— Problem description —
All of the lines below are to be transcribed faithfully, with pictures excluded from the copy.

— Extracted data —
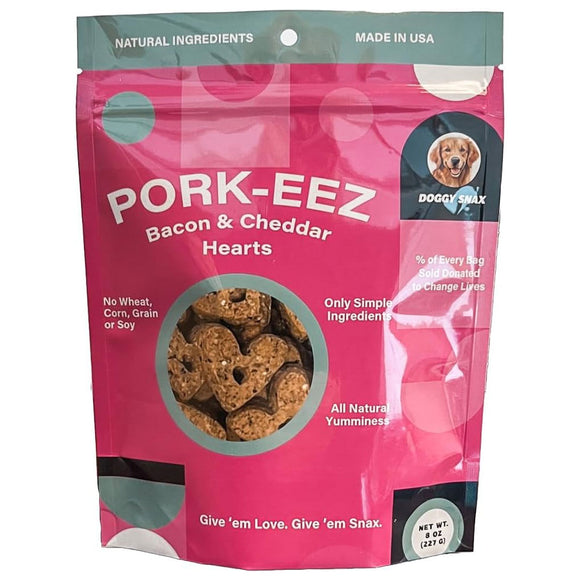 Pork-Eez Bacon & Cheddar Hearts Dog Treats, 8-oz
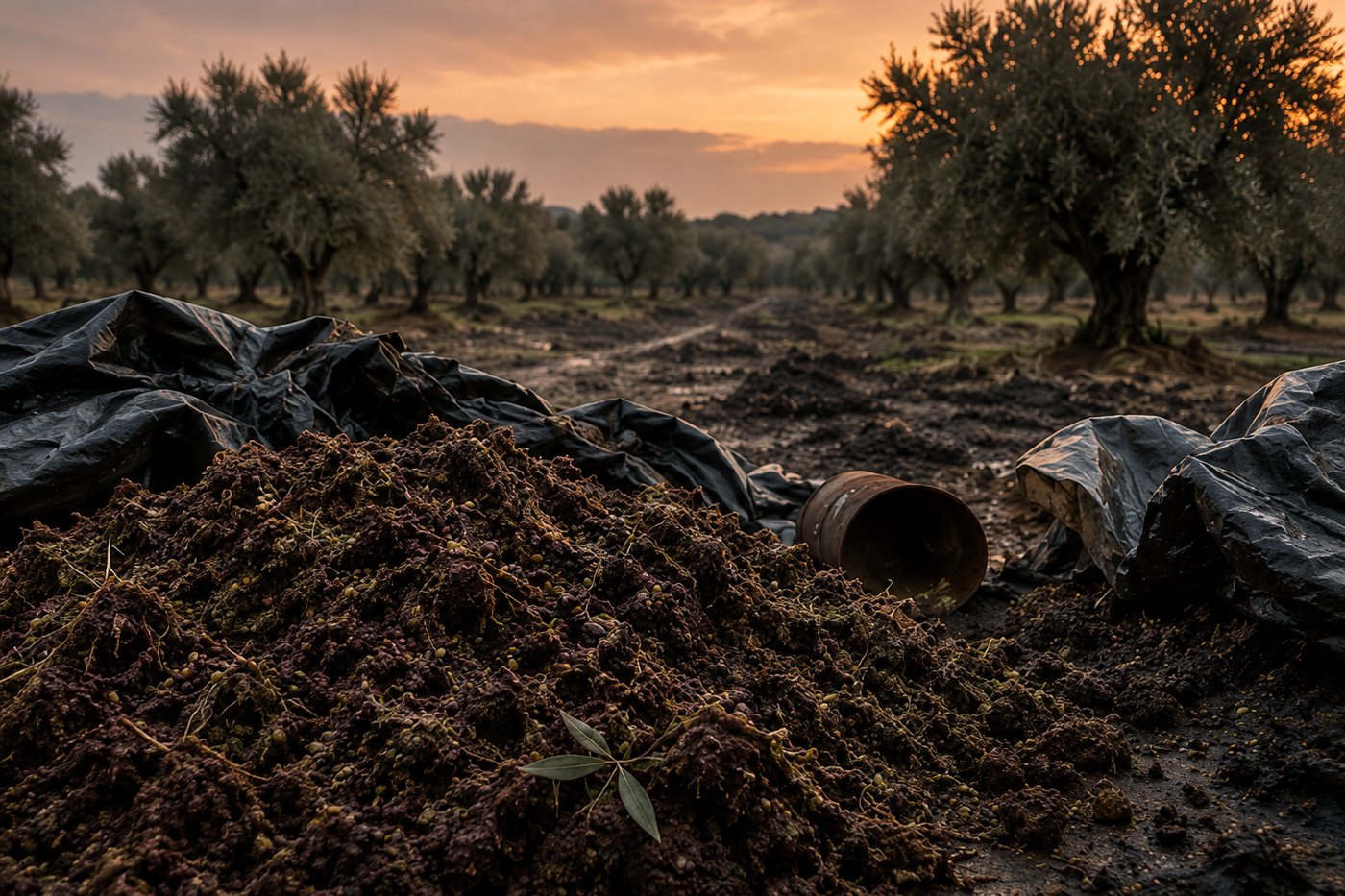 Olive pomace — the damp pulp left after olives are pressed for oil — heaped beside the press
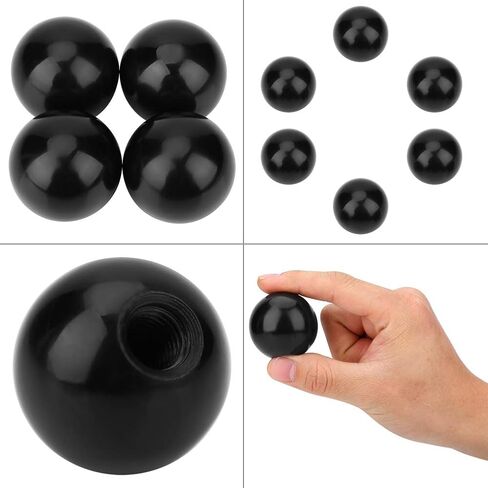 Walfront M12 Threaded Ball Knob, Plastic Machine Tool Handle 40mm Round Ball Knob, Polished Grip, Easy Installation, 6 Pack for Woodworking Printing Textile Automotive Equipment in Kuwait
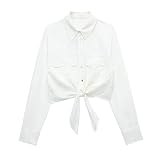 BUYEDBD Langarmshirts Damen Women with Knot Front Patch Pockets Crop Shirts Long Sleeve Button-up Female Shirts Tops(XS)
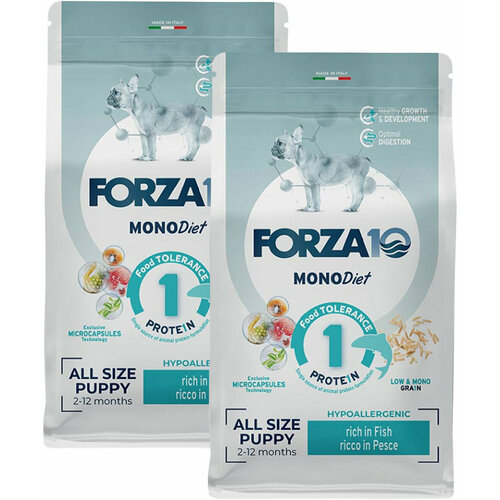 фото FORZA10 DOG PUPPY JUNIOR DIET монобелковый для щенков всех пород при аллергии с рыбой (1,5 + 1,5 кг)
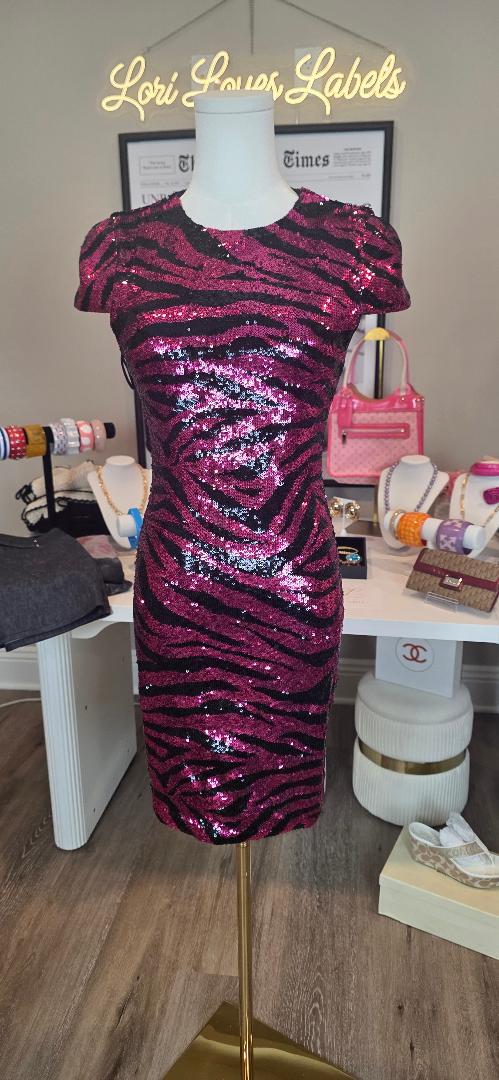 ALICE AND OLIVIA ZEBRA SEQUIN DRESS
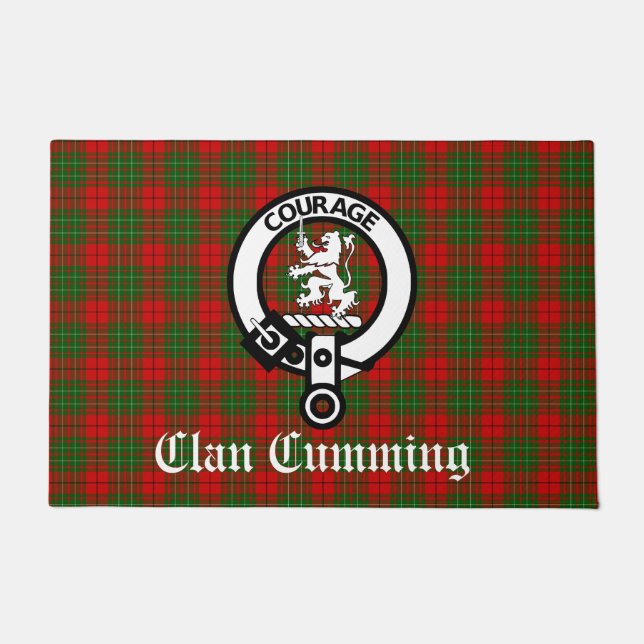 Tapete Clan Cumming Crest Crachá e Tartan (Frente)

— Result —
 Pork-Eez Bacon & Cheddar Hearts Dog Treats, 8-oz
 Olive pomace — the damp pulp left after olives are pressed for oil — heaped beside the press
 Walfront M12 Threaded Ball Knob, Plastic Machine Tool Handle 40mm Round Ball Knob, Polished Grip, Easy Installation, 6 Pack for Woodworking Printing Textile Automotive Equipment in Kuwait
 BUYEDBD Langarmshirts Damen Women with Knot Front Patch Pockets Crop Shirts Long Sleeve Button-up Female Shirts Tops(XS)
 фото FORZA10 DOG PUPPY JUNIOR DIET монобелковый для щенков всех пород при аллергии с рыбой (1,5 + 1,5 кг)
 ALICE AND OLIVIA ZEBRA SEQUIN DRESS
 Tapete Clan Cumming Crest Crachá e Tartan (Frente)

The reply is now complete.